> [Task prompt] Leave the pictures out, and repeat exactly every line from the one with "Sit&more 2-zitsbank Orient" through the end of the data below.

> [Raw data]
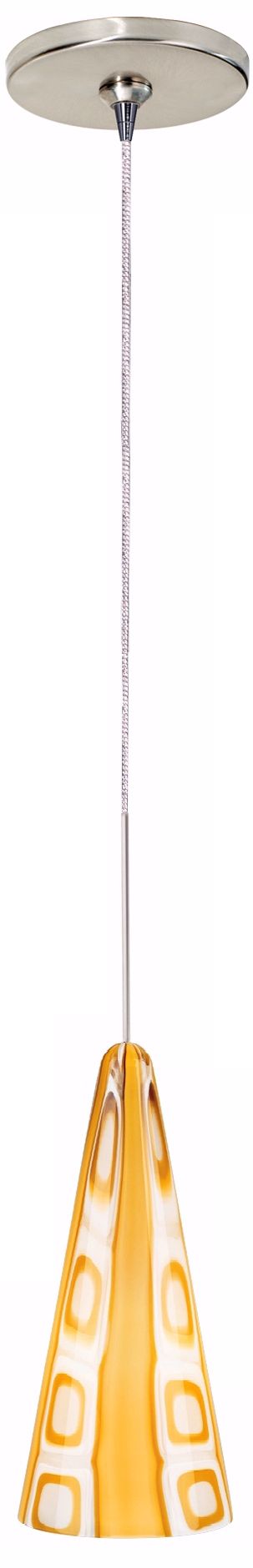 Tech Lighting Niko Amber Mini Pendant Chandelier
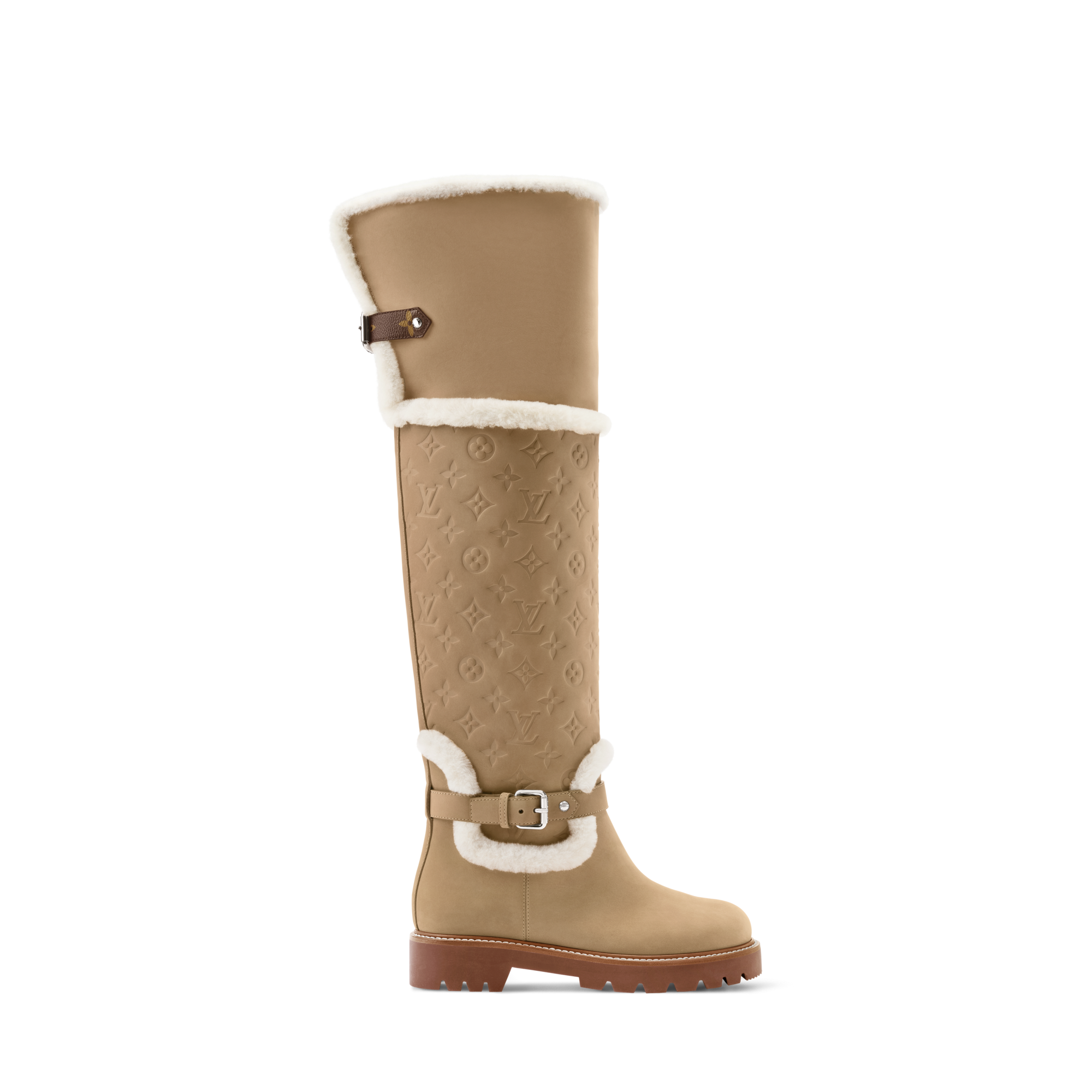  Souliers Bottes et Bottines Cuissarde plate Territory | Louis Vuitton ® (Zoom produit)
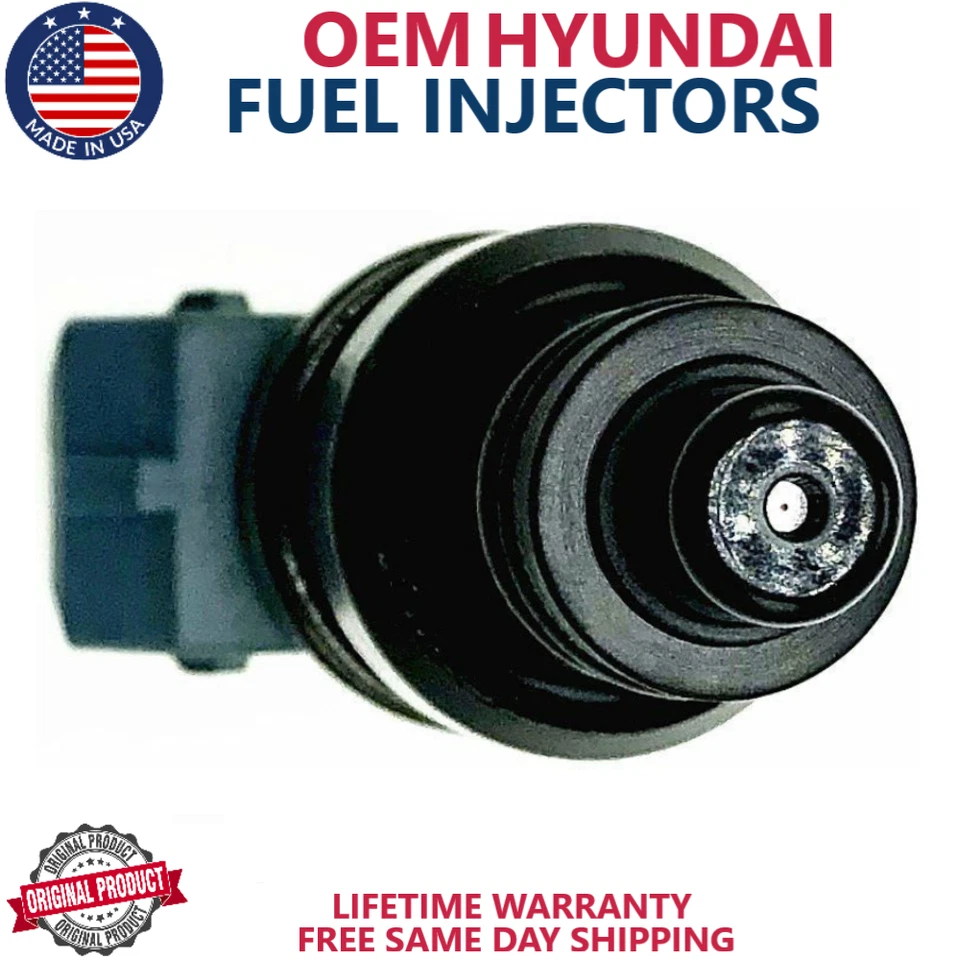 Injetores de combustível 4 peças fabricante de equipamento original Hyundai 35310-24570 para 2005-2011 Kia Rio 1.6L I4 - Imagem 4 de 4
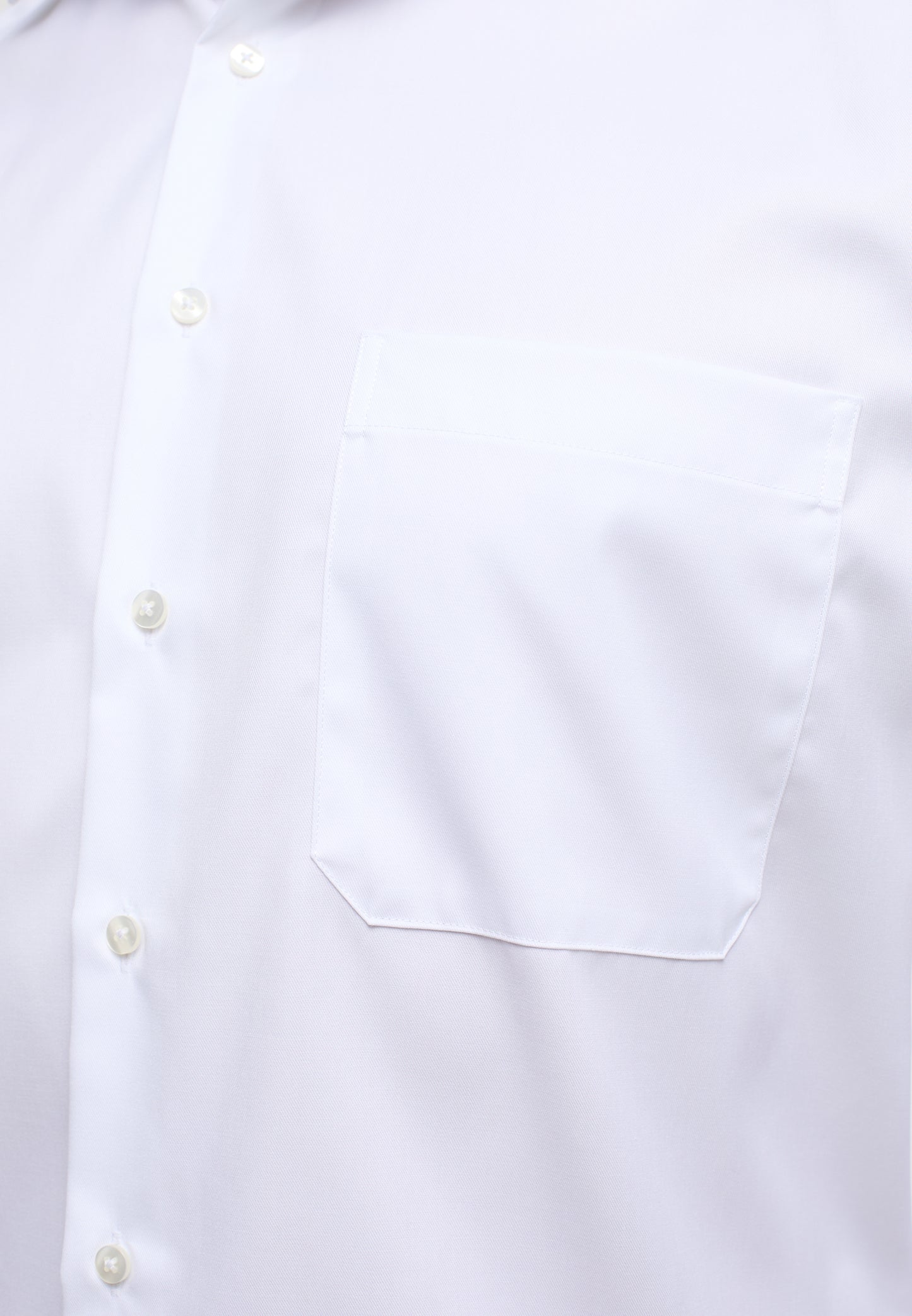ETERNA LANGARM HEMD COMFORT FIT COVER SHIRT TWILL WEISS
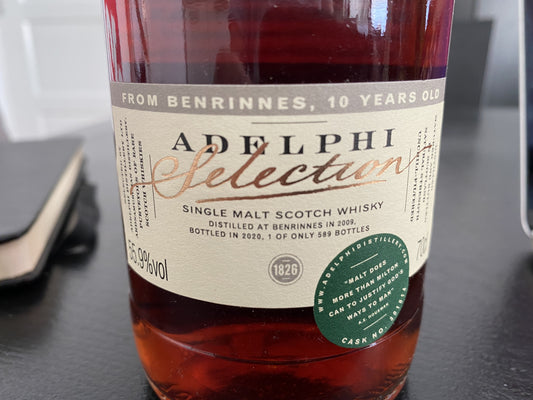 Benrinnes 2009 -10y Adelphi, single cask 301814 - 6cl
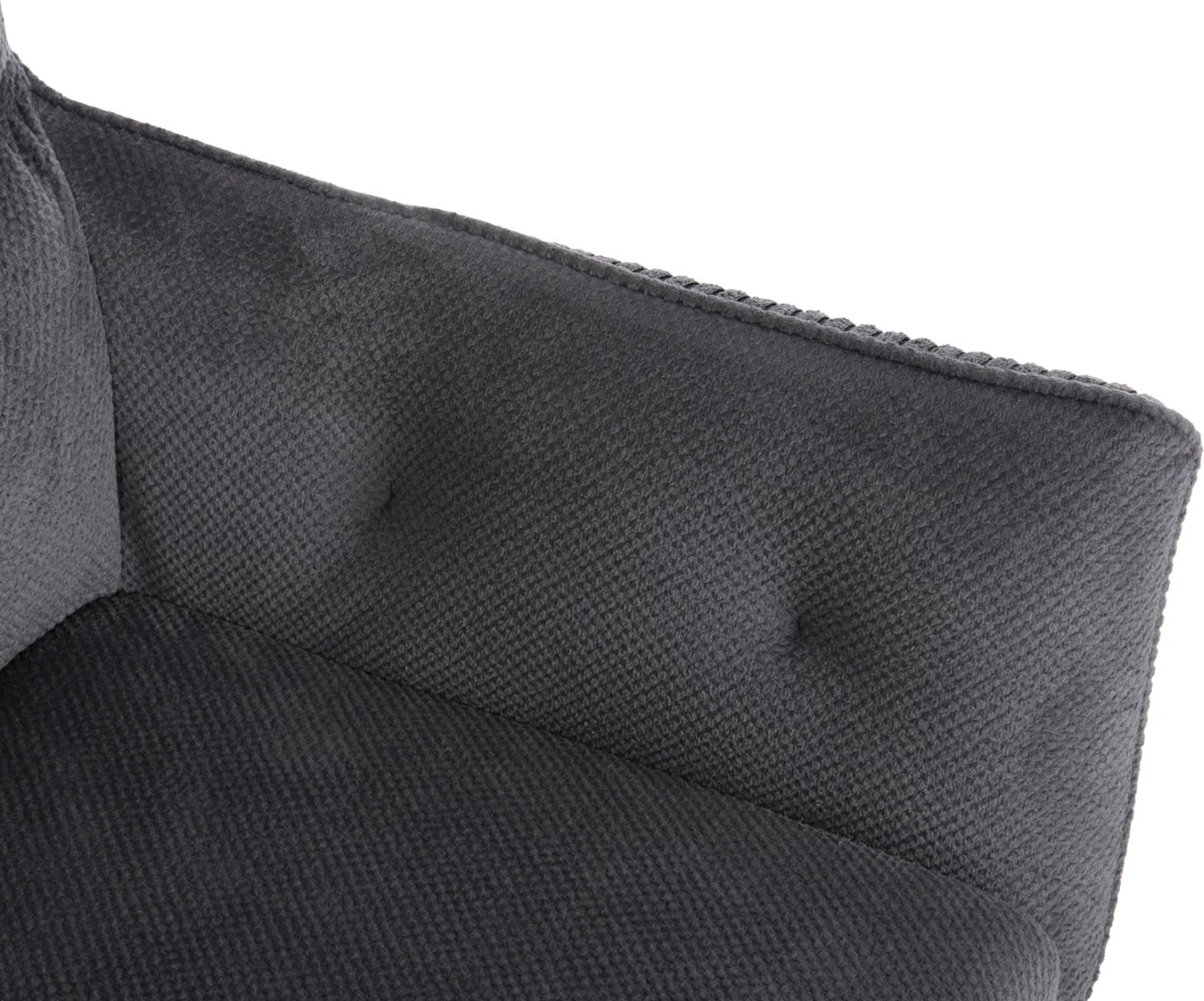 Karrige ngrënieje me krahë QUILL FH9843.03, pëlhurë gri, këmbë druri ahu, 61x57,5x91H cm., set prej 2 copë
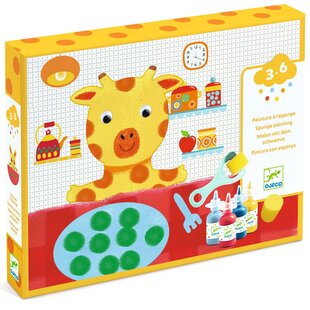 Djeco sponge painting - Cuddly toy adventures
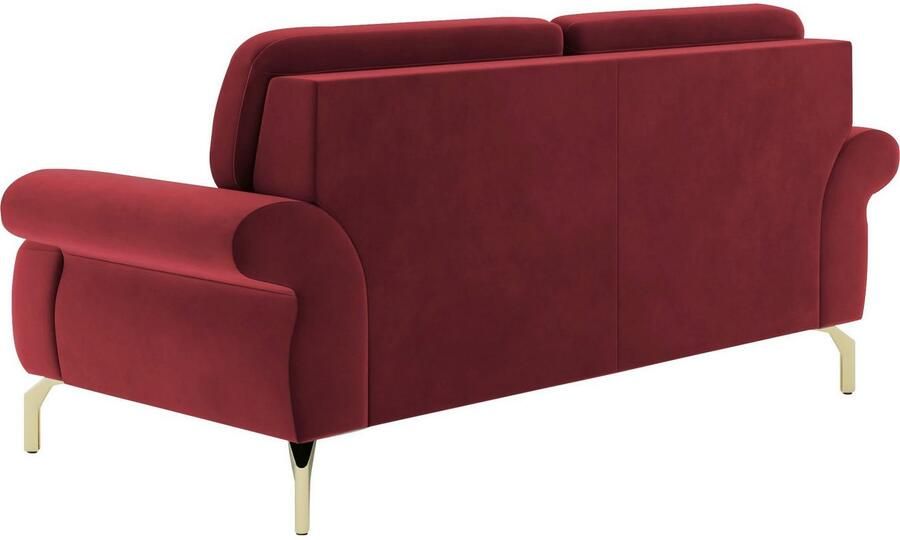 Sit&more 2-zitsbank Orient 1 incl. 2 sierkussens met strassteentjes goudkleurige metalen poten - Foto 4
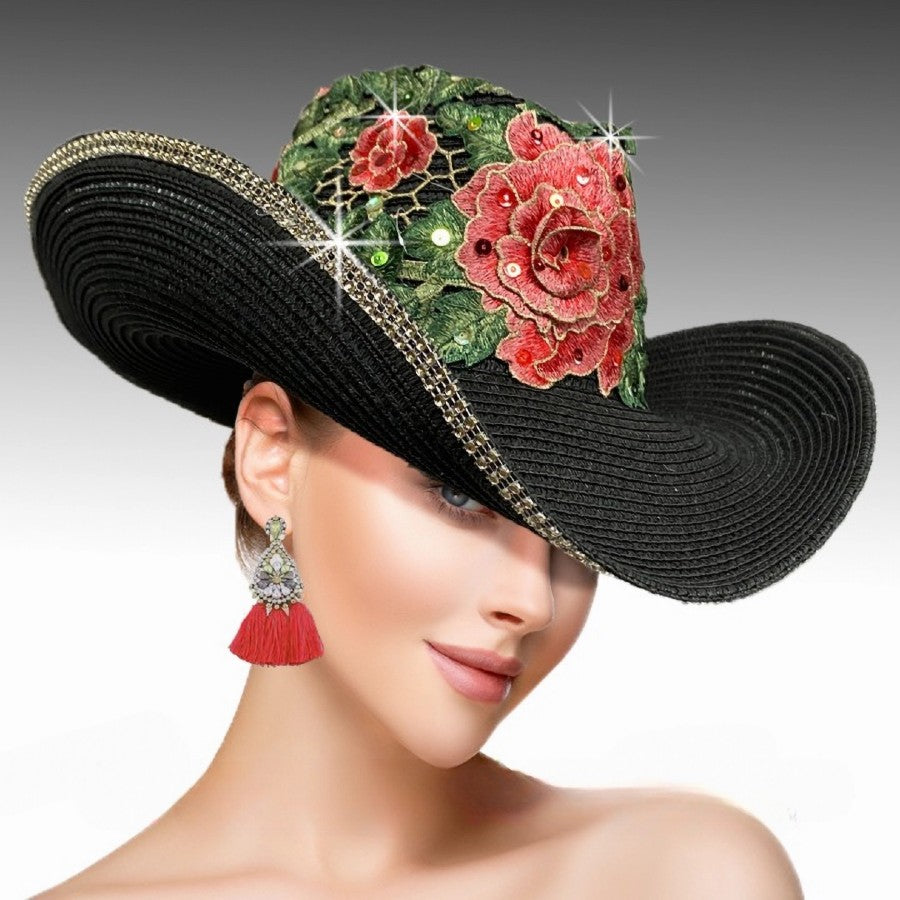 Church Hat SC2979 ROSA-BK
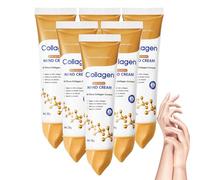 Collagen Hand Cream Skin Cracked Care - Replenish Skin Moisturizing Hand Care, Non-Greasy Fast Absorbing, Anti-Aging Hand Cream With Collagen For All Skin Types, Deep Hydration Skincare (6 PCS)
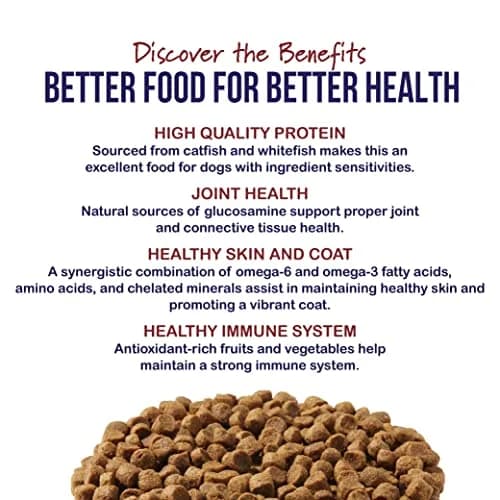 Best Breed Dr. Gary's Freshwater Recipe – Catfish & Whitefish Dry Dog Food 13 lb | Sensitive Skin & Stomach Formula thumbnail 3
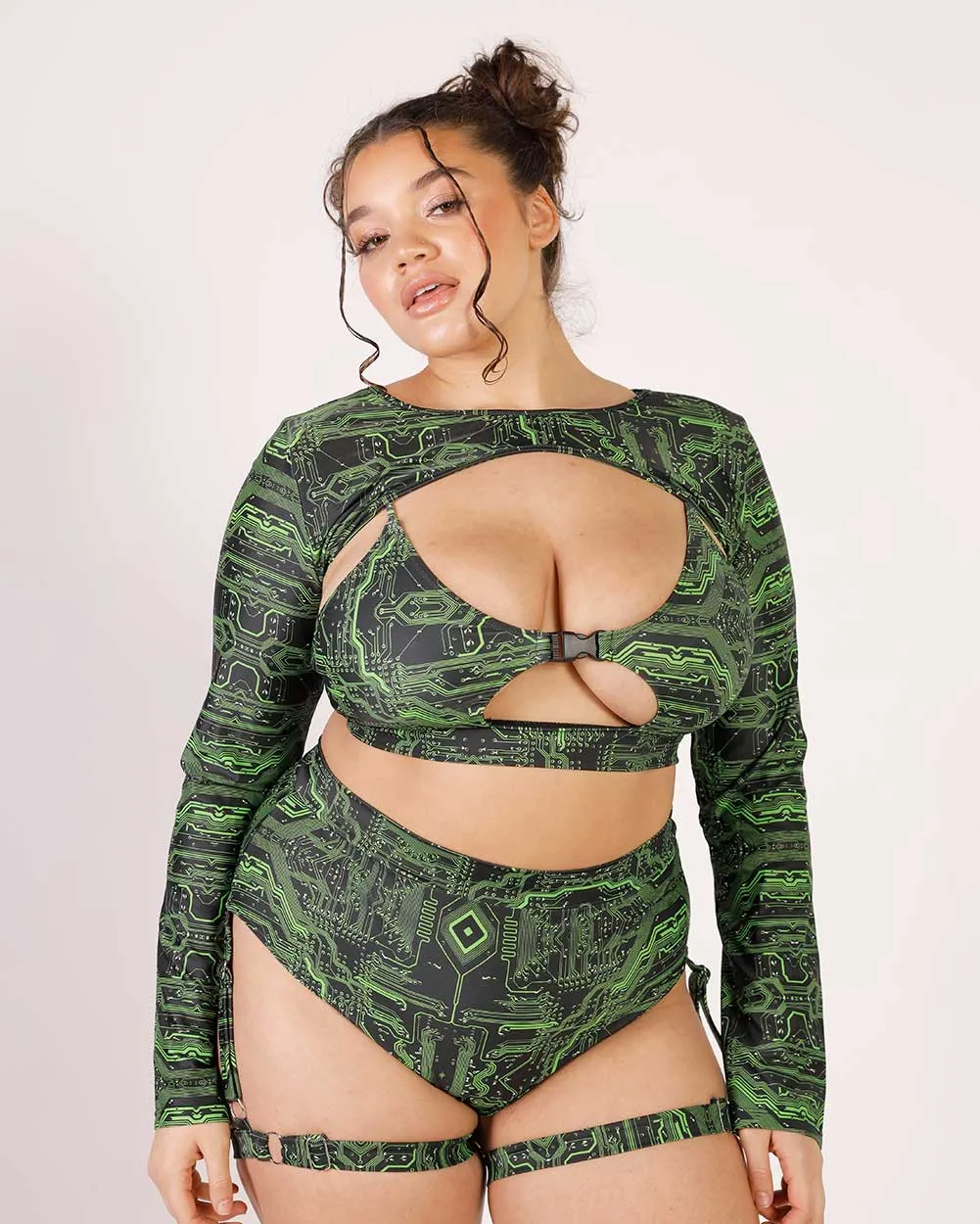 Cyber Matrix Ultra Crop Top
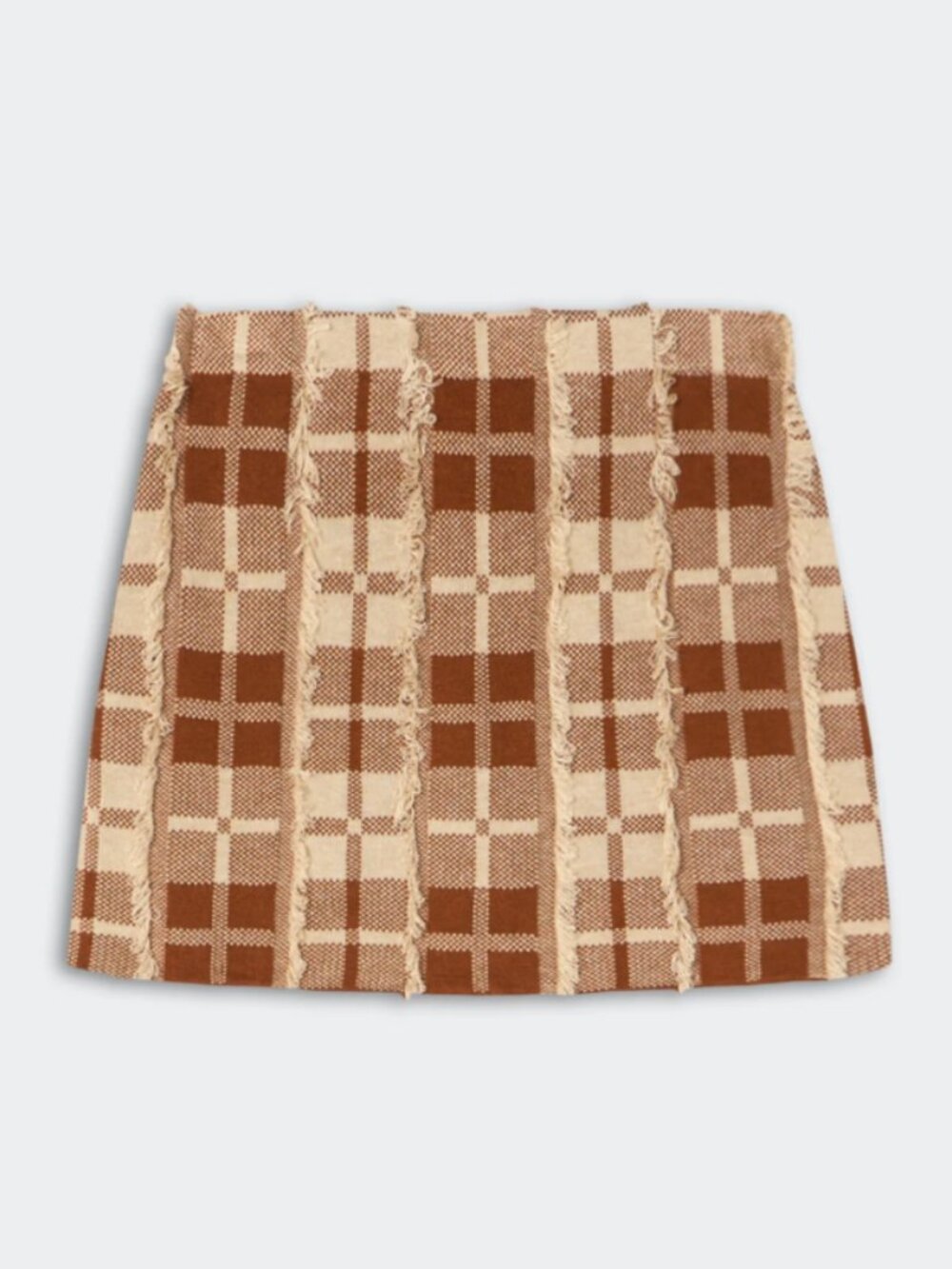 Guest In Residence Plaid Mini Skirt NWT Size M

> [Result for this task]
 Sit&more 2-zitsbank Orient 1 incl. 2 sierkussens met strassteentjes goudkleurige metalen poten - Foto 4
 Church Hat SC2979 ROSA-BK
 Collagen Hand Cream Skin Cracked Care - Replenish Skin Moisturizing Hand Care, Non-Greasy Fast Absorbing, Anti-Aging Hand Cream With Collagen For All Skin Types, Deep Hydration Skincare (6 PCS)
 Best Breed Dr. Gary's Freshwater Recipe – Catfish & Whitefish Dry Dog Food 13 lb | Sensitive Skin & Stomach Formula thumbnail 3
 Cyber Matrix Ultra Crop Top
 Guest In Residence Plaid Mini Skirt NWT Size M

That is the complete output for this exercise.